## Dataset content
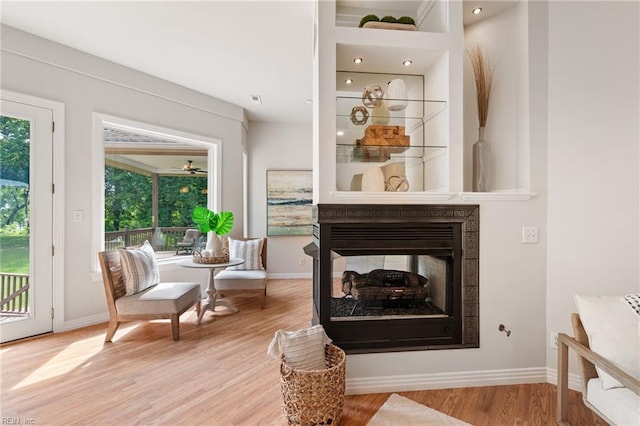 living area with a multi sided fireplace, baseboards, and light wood-style floors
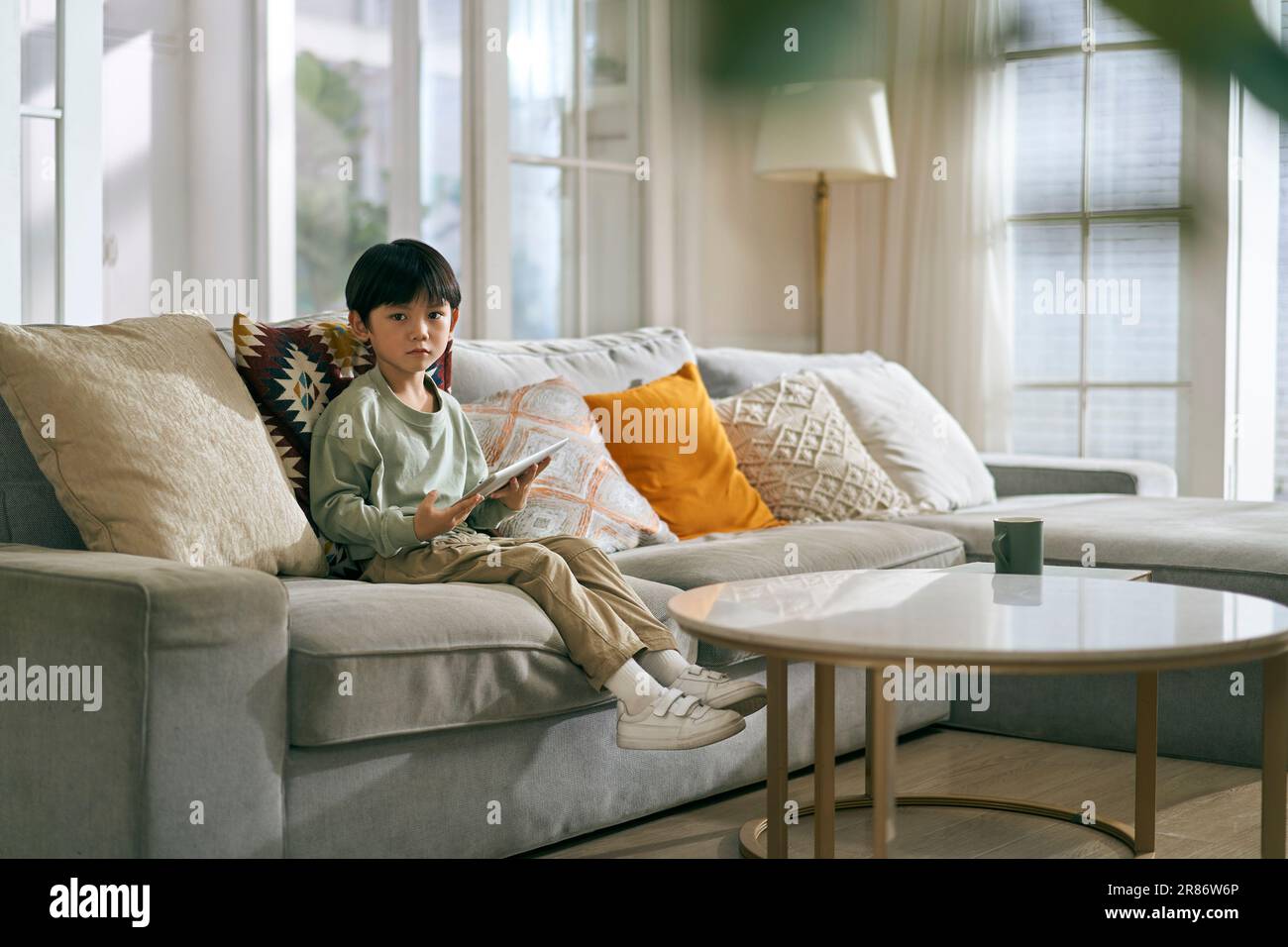 Kleiner asiatischer Junge, der auf der Familientischcouch sitzt, im Wohnzimmer und in die Kamera schaut Stockfoto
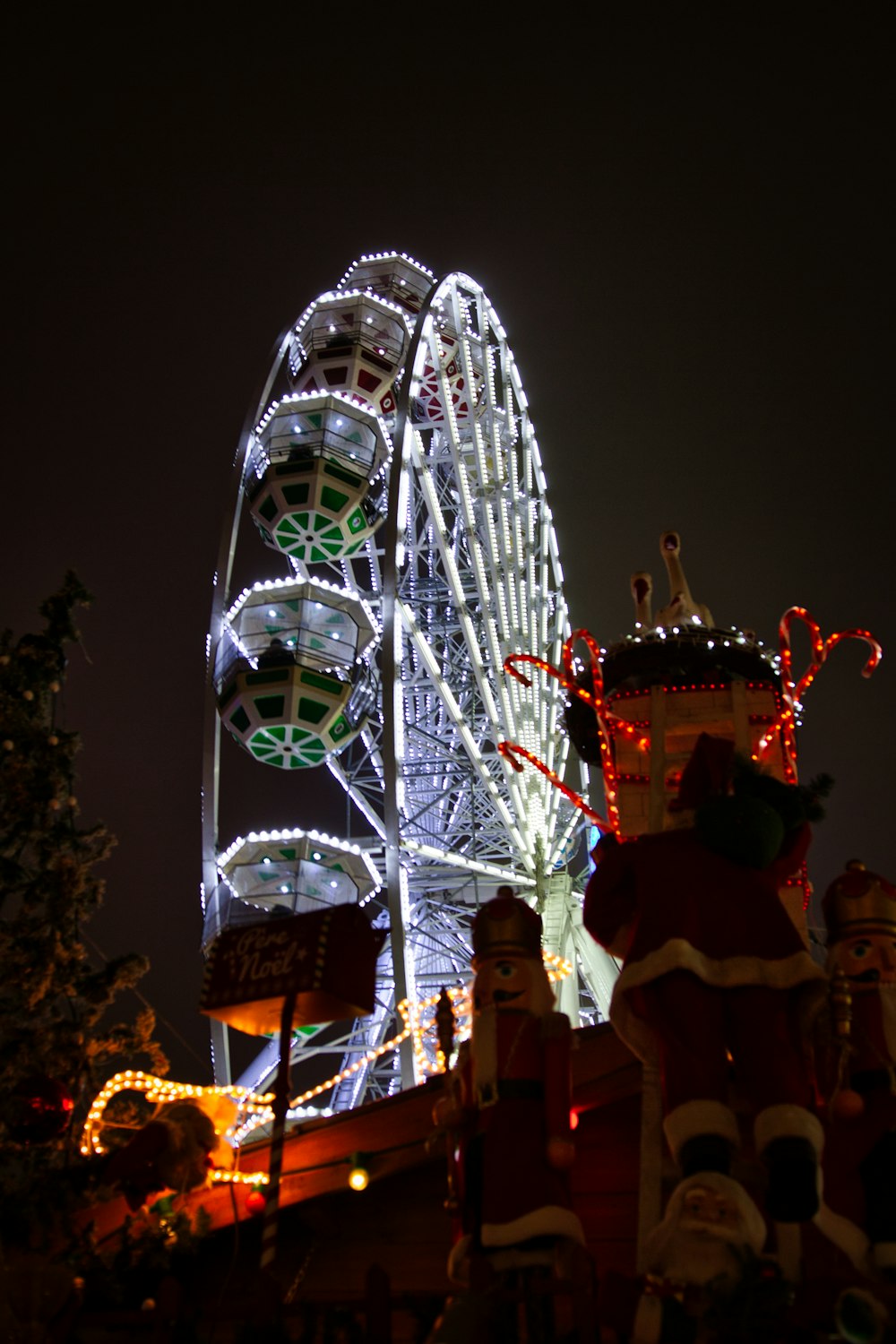 a large ferris wheel lit up at night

## Goal of the exercise
Would you transcribe the whole listing above exactly? The pictures should not be included.

## Task answer
 living area with a multi sided fireplace, baseboards, and light wood-style floors
 Kleiner asiatischer Junge, der auf der Familientischcouch sitzt, im Wohnzimmer und in die Kamera schaut Stockfoto
 a large ferris wheel lit up at night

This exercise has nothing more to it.